Wednesday, May 15, 2013

I am up to my eyeballs in evaluation, and the calculation of whether I'll make the deadline (or more likely, with how much time to spare) has started. I managed to get my blended learning class all ready, since it went live yesterday. It makes the deadline question above more difficult.

One inspiration I had was to create a "Sound Off" journal in the class. I named it after the wonderful anonymous call-in forum in the Troy Record, but the in-course variety will not be anonymous. It is a space for me to reflect on the class delivery. Does technology enhance learning or does it get in the way? I've invited students to join me. I will probably post my entries here as well.

This is my first:

During this past academic year, 2012-13, I served on the Online Teaching & Learning Task Force. Since I am an adjunct faculty member, I am not required to perform university service, but the topic interests me a great deal, and I did not want to refuse the invitation from the Provost and CIO.

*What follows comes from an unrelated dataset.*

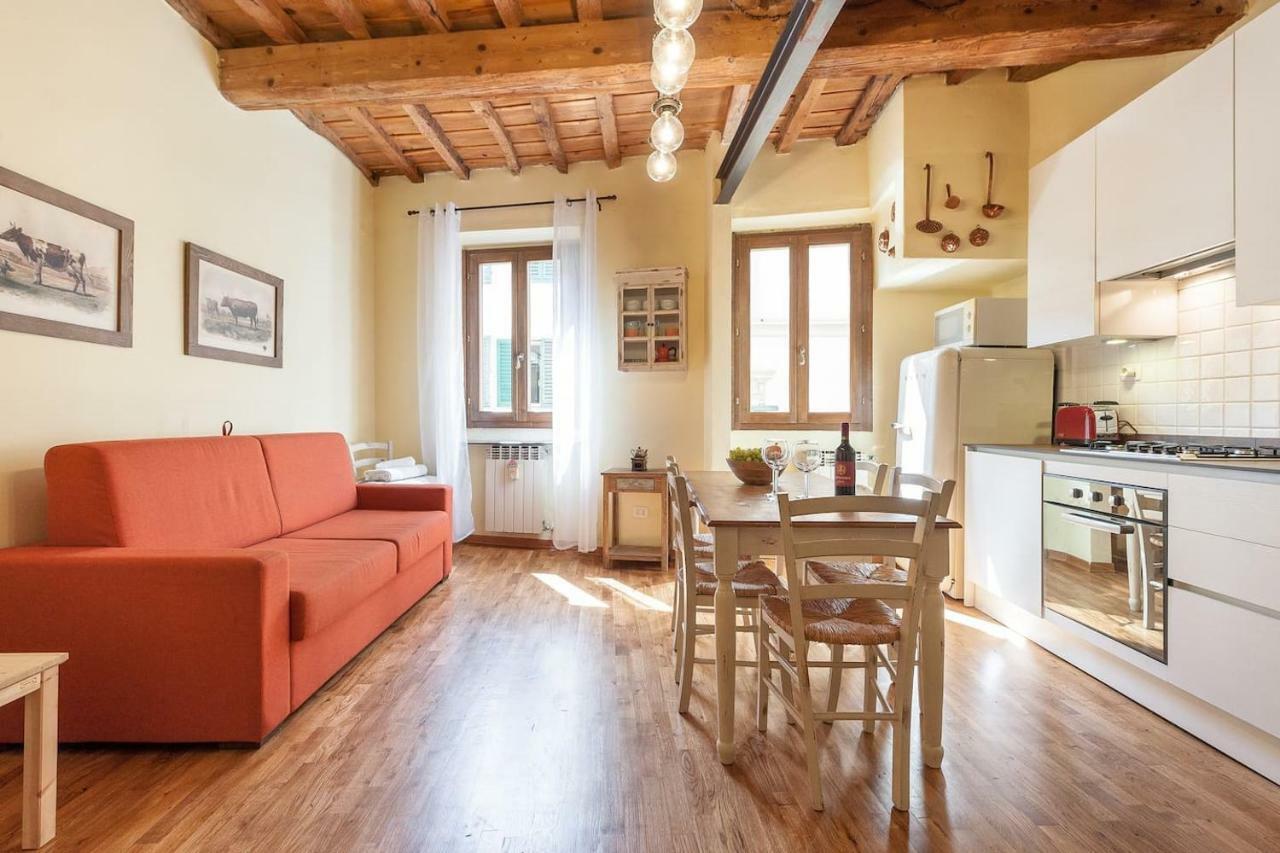 Appartamento Finestra Su Firenze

I am not a big fan of meetings, conferences or task forces. My attitude has been that “I was so done with” spending my time that way when I left SUNY System Administration in 1998. I said arrivederci to keynote speeches accompanied by spring mix salad with mandarin oranges, vinaigrette dressing and chicken a la Marriott.

So I was a touch skeptical when asked to be a member of the OTL Task Force. We were given a short time frame; our first meeting was in November 2012, and after several interim deadlines, the final report was due in April 2013.

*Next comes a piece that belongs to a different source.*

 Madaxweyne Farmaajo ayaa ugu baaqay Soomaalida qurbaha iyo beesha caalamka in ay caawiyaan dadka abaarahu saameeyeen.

I think about educational technology a lot already, and have for a long time. I was an early adopter; I started teaching online in 2000, after taking two experimental classes that relied heavily on new delivery methods as a doctoral student in the mid-1990s. But the OTL Task Force caused me to think about it 24/7, and to discuss it extensively with members of the task force, other faculty, and students.

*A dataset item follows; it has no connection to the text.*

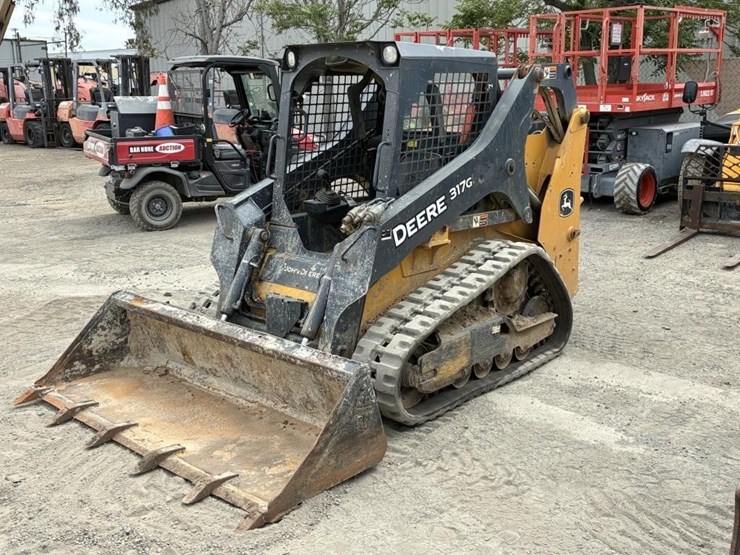 2018-deere-317g-image-1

The response rate to the student survey was 12 percent; this was not as high as we had hoped, but it still is a lot of students, and the comments in particular are a rich data source. Surprisingly, 80 percent of students reported needing no technical support for their fully online, blended and web-enhanced courses. (This contrasts with the wishes of the faculty, who report needing help desk availability on weekends and during the evening.)

Access to grades is something all students want. Undergraduate students want lecture capture, and graduate students want access to the Blackboard site for a class after the semester is over.

The OTL Task Force was a good experience for me. I gained some inspiration and insight that I hope will benefit this class. Of course I’ve already encountered one or two roadblocks (chiefly involving the logistics of recording and uploading video captured during the face-to-face classes).